»›Hinweise‹?«, fragte Captain Tulev. »Dann glauben Sie nicht, dass es wirklich so ist?«
Geary atmete tief durch. »Man hat uns in diesem System schon einmal reingelegt. Es wäre für die Syndiks ein Leichtes, Nachrichtenübertragungen zu fingieren, damit wir glauben, in diesem Lager würde Personal der Allianz festgehalten.« Es kostete ihn keine Mühe, die aufkeimende Rebellion der anderen Offiziere wahrzunehmen. »Ich beabsichtige allerdings sehr wohl, hinzufliegen und mich an Ort und Stelle davon zu überzeugen. Aber wir müssen wachsam sein, damit wir nicht in einen weiteren Hinterhalt geraten.«
»Ein Köder, um uns zum fünften Planeten zu locken?«, fragte Colonel Carabali und kniff skeptisch die Augen zusammen.
»Es wäre möglich. Beim Anflug auf den Planeten haben wir Zeit genug, Minenfelder aufzuspüren, auch wenn die noch so gut getarnt sind.

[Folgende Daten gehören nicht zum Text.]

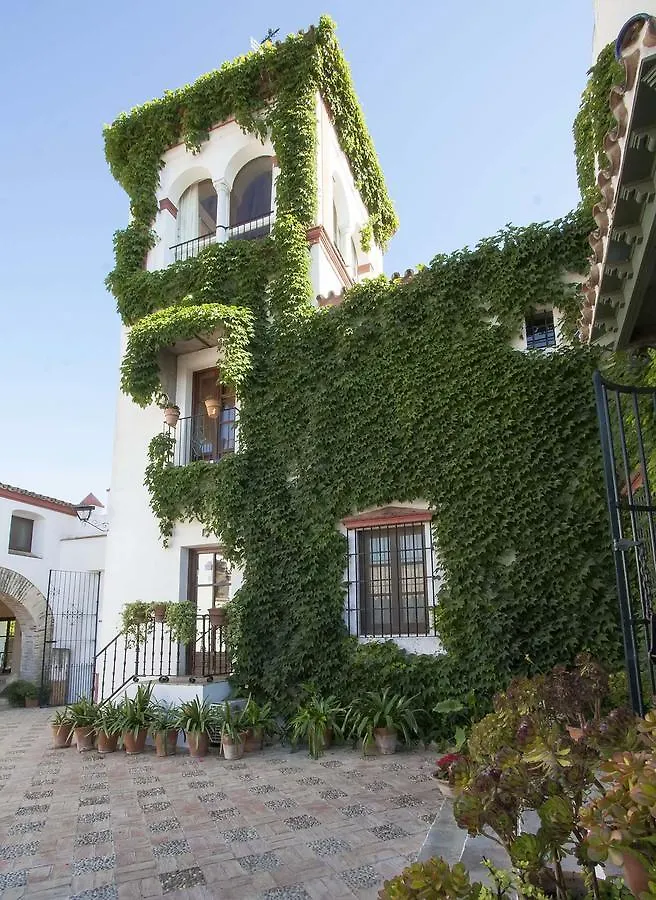 Maison d'hôtes Hacienda De Oran à Utrera 0*,  Espagne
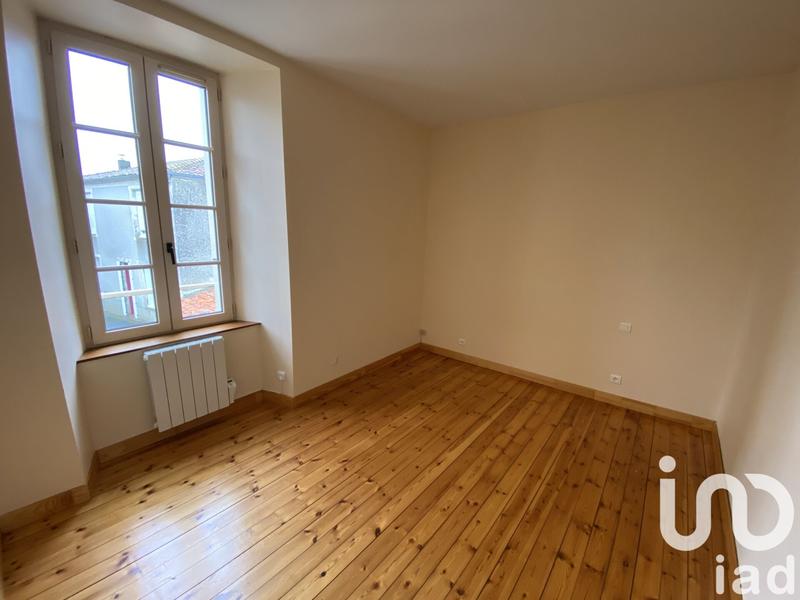 Maison - 69 m² - 3 pièces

Was könnte uns dort sonst noch erwarten, das uns Sorgen bereiten sollte?«
Carabali zuckte mit den Schultern. »Auf einem solchen Planeten kann man schwere Waffen in Stellung bringen, aber solche Geschosse müssen erst mal das Schwerkraftfeld überwinden und sich mit den atmosphärischen Bedingungen auseinandersetzen, bevor sie Ziele im Weltall anfliegen können. Und abgesehen davon — wenn sie uns mit so was beschießen wollen, dann müssen wir einfach nur auf Abstand bleiben und den Planeten mit großen Felsblöcken bewerfen.«
Ein nachdenklich dreinblickender Captain sah hoch. »Sie reden von schweren kinetischen Geschossen?«
»Ja«, bestätigte die Frau. »Genau das habe ich ja gesagt. Ich kann nicht behaupten, dass ich begeistert bin, meine Jungs und Mädels auf eine von Syndiks bevölkerte Welt zu schicken. Wir haben nicht einmal genug Bodentruppen, um ein angemessen großes Gelände zu sichern. Aber der ganze Planet hängt vom guten Benehmen der Syndiks ab, und für uns gibt es keine Alternative.«
»Wir müssen die Marines runterschicken?«, fragte Geary.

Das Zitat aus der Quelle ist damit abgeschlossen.